URBAN PIPES
Le travail d’Erwan Keravec part d’un postulat étrange: virtuose de la cornemuse, il cherche à réaliser un disque où son instrument échapperait à toute évocation culturelle. Difficile pourtant de trouver instrument plus connoté. Qu’il nous parle de Bretagne ou d’Ecosse (ou d’Espagne, après tout), le son de la cornemuse est irrémédiablement associé à des images d’Épinal mélangeant allègrement kilts et chapeaux ronds. Et surtout, évoquant avant tout une tradition, une culture et une histoire. Le désir de Keravec, comme d’autres avant lui, est ici de s’affranchir de cette culture traditionnelle, malgré le respect qu’il ressent pour celle-ci, et de céder à son goût pour l’invention. C’est ainsi qu’il présenteson album : « Urban Pipes est une utopie : montrer que la cornemuse est un instrument universel. C’est à dire imaginer une musique pour cornemuse solo qui n’évoque pas son origine culturelle. Ou encore et surtout, imaginer une musique qui ne soit que de la musique, qu’elle n’ait aucune autre fonction que celle d’être écoutée. »
Erwan Keravec est à la base un musicien traditionnel, membre d’Occidentale de Fanfare, ayant joué avec Didier Squiban. Déjà actif au sein d’une formation à vocation avant-gardiste, les Niou Bardophones, associant cornemuses, bombardes, saxophone et batterie, et surtout associant tradition et improvisation, il se livre ici à un exercice périlleux en solo. Comme beaucoup d’instrumentistes avant lui, cet exercice solo est le meilleur écrin pour présenter les techniques étendues et les innovations de composition qui peuvent faire progresser le répertoire. On pense aux révolutions successives qui ont transformé la musique à travers de telles expériences : les disques de saxophone solo de Steve Lacy ou d’Evan Parker, ceux pour batterie solo de Han Bennink : ce sont souvent ces rares occasions où un musicien décide d’explorer jusqu’aux tréfonds les possibilités de son instrument, qui font progresser la musique. En sortant des cadres établis et des rôles fixes, ces pratiques permettent de découvrir de nouvelles voies pour la musique.
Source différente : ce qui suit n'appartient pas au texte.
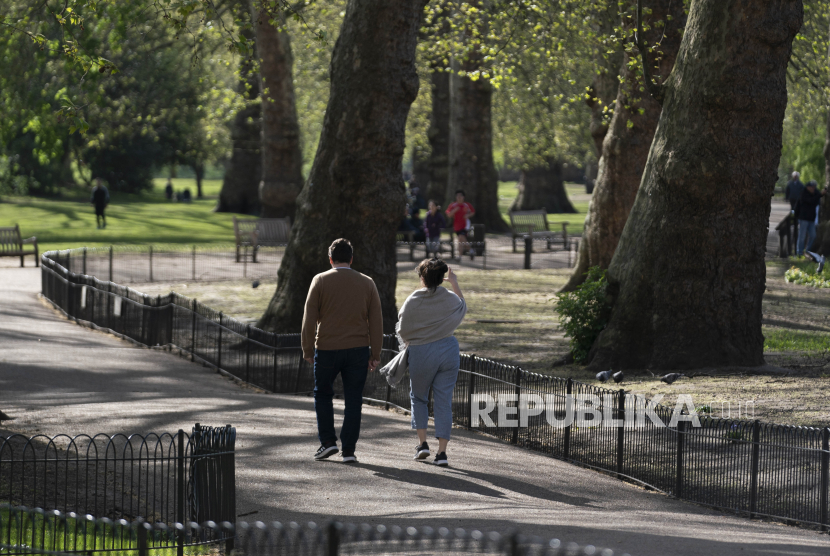 Inggris Perluas Tes Covid-19. Foto: Suasana tentang St James Park, London Pusat Inggris, 13 April 2020. Debenhams baru-baru ini mengajukan permohonan untuk masuk ke dalam administrasi dan juga menutup 142 toko di Inggris, sesuai dengan pedoman Pemerintah mengenai coronavirus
La cornemuse n’a pas eu, jusqu’ici, cette chance. Si l’on excepte les pièces pour cornemuse de Paul Dunmall ou de Yoshi Wada, l’instrument n’a que peu attiré les amateurs d’avant-garde. Ses drones grinçants, ses tonalités dissonantes, trouvent pourtant des échos fort contemporains dans d’autres genres musicaux. On croit en entendre dans les guitares électriques de Birchville Cat Motel, par exemple, et Nocturnal Emissions lui a consacré un album, « Tharmuncrape ‘n Goo ». Mais au-delà de ça, il reste encore beaucoup d’horizons à explorer pour les cornemuses, binious, diples, dukas, musettes et autres cabrettes.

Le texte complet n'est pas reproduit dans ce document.